Your task:
Restate the data exactly as given and keep the pictures out.

(Spatial localization data)
□ □ □ □

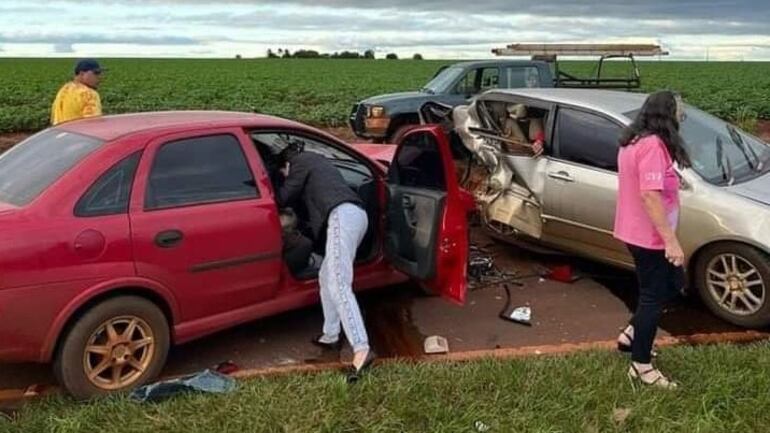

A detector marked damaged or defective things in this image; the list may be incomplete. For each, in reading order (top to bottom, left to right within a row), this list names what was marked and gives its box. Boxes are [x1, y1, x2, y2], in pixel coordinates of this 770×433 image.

shattered plastic piece [424, 334, 448, 354]
shattered plastic piece [129, 368, 234, 402]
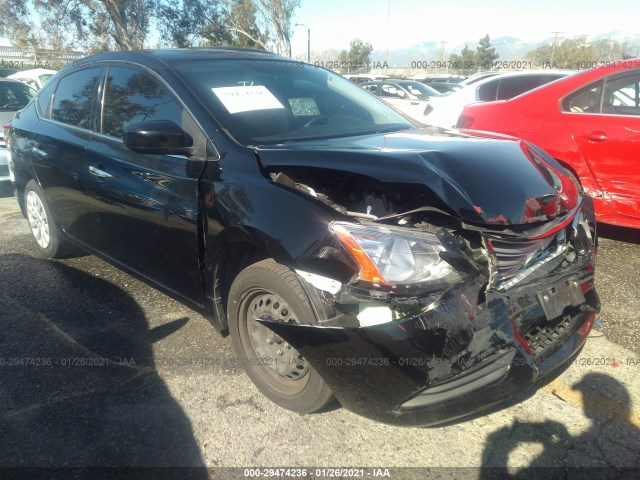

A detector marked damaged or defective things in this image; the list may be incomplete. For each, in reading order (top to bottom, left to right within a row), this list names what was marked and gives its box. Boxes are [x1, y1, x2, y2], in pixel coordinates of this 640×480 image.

crumpled hood [256, 129, 568, 227]
exposed headlight [330, 222, 460, 284]
broken headlight assembly [330, 222, 460, 284]
damaged front end of car [252, 133, 596, 426]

□ □ □ □

Solution:
A detector marked damaged or defective things in this image; the list may be incomplete. For each, in reading order (top to bottom, left to right within a row), this list names what was marked and gives its box. Boxes are [x1, y1, x2, y2], in pixel coordinates of this 770×433 image.

shattered plastic piece [424, 334, 448, 354]
shattered plastic piece [129, 368, 234, 402]

A detector marked damaged or defective things in this image; the list may be incomplete. For each, in reading order (top to bottom, left to right within a row), this list names what was marked and gives its box. Boxes are [x1, y1, x2, y2], in pixel coordinates of this 640×480 image.

crumpled hood [256, 129, 568, 227]
exposed headlight [330, 222, 460, 284]
broken headlight assembly [330, 222, 460, 284]
damaged front end of car [252, 133, 596, 426]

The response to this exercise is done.